Search code examples
postgresqlipv6ipv4

Efficient way to see if an IP address is in a list of subnets


I basically have a 2 column table with an IP subnet as the key/index and a description as the value. For example:

10.20.30.0/30  "Subnet 1"

I need to write a REST service that will return the description of the subnet containing the given IP address, or list of subnets if the IP address matches more than one.

At first, I thought I would simply use a backend database (Postgres) and expand all the subnets because I wasn't dealing with large amounts of data. So the above example would be expanded to:

10.20.30.0  "Subnet 1"
10.20.30.1  "Subnet 1"
10.20.30.2  "Subnet 1"
10.20.30.3  "Subnet 1"

This is inefficient in terms of storage, especially as subnets get large. However, it is quick and easy to do, and existing databases have really efficient ways to lookup IP addresses as indexes, so this was my first idea. I am mostly concerned with lookup efficiency since I will have about 1 million entries in my DB.

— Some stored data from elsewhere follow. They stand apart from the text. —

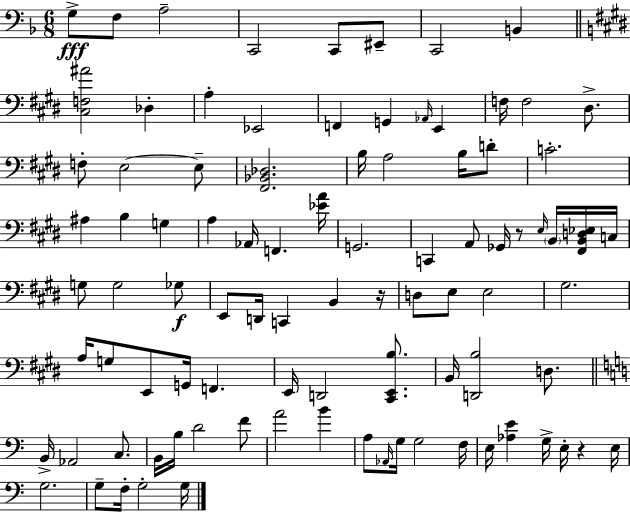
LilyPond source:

{
  \clef bass
  \numericTimeSignature
  \time 6/8
  \key f \major
  g8->\fff f8 a2-- | c,2 c,8 eis,8-- | c,2 b,4 | \bar "||" \break \key e \major <cis f ais'>2 des4-. | a4-. ees,2 | f,4 g,4 \grace { aes,16 } e,4 | f16 f2 dis8.-> | \break f8-. e2~~ e8-- | <fis, bes, des>2. | b16 a2 b16 d'8-. | c'2.-. | \break ais4 b4 g4 | a4 aes,16 f,4. | <ees' a'>16 g,2. | c,4 a,8 ges,16 r8 \grace { e16 } \parenthesize b,16 | \break <fis, b, d ees>16 c16 g8 g2 | ges8\f e,8 d,16 c,4 b,4 | r16 d8 e8 e2 | gis2. | \break a16 g8 e,8 g,16 f,4. | e,16 d,2 <cis, e, b>8. | b,16 <d, b>2 d8. | \bar "||" \break \key c \major b,16-> aes,2 c8. | b,16 b16 d'2 f'8 | a'2 b'4 | a8 \grace { aes,16 } g16 g2 | \break f16 e16 <aes e'>4 g16-> e16-. r4 | e16 g2. | g8-- f16-. g2-. | g16 \bar "|."
}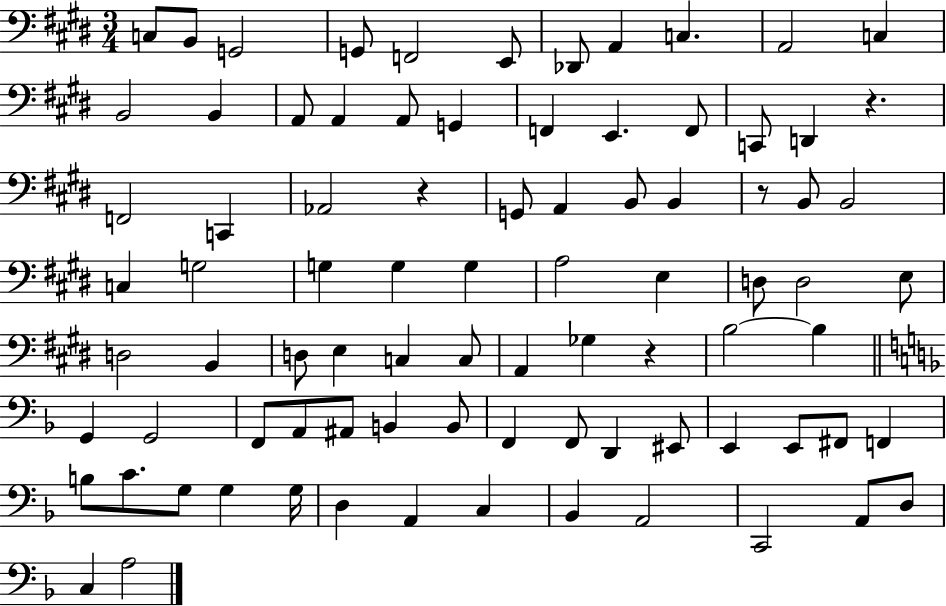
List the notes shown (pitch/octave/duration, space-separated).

C3/e B2/e G2/h G2/e F2/h E2/e Db2/e A2/q C3/q. A2/h C3/q B2/h B2/q A2/e A2/q A2/e G2/q F2/q E2/q. F2/e C2/e D2/q R/q. F2/h C2/q Ab2/h R/q G2/e A2/q B2/e B2/q R/e B2/e B2/h C3/q G3/h G3/q G3/q G3/q A3/h E3/q D3/e D3/h E3/e D3/h B2/q D3/e E3/q C3/q C3/e A2/q Gb3/q R/q B3/h B3/q G2/q G2/h F2/e A2/e A#2/e B2/q B2/e F2/q F2/e D2/q EIS2/e E2/q E2/e F#2/e F2/q B3/e C4/e. G3/e G3/q G3/s D3/q A2/q C3/q Bb2/q A2/h C2/h A2/e D3/e C3/q A3/h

However, I found out I also have requirements for IPv6, and the subnets involved are HUGE. This means I no longer have the option of expanding all the subnets.

Before I go ahead and start writing my custom REST API I wanted to know if POSTGRES queries for checking IP addresses using subnets as an index are efficient. The check is not trivial and I don't know how it would be done internally to maintain efficiency.

Does anyone know how POSTGRES checks for IP addresses in tables indexed by subnet?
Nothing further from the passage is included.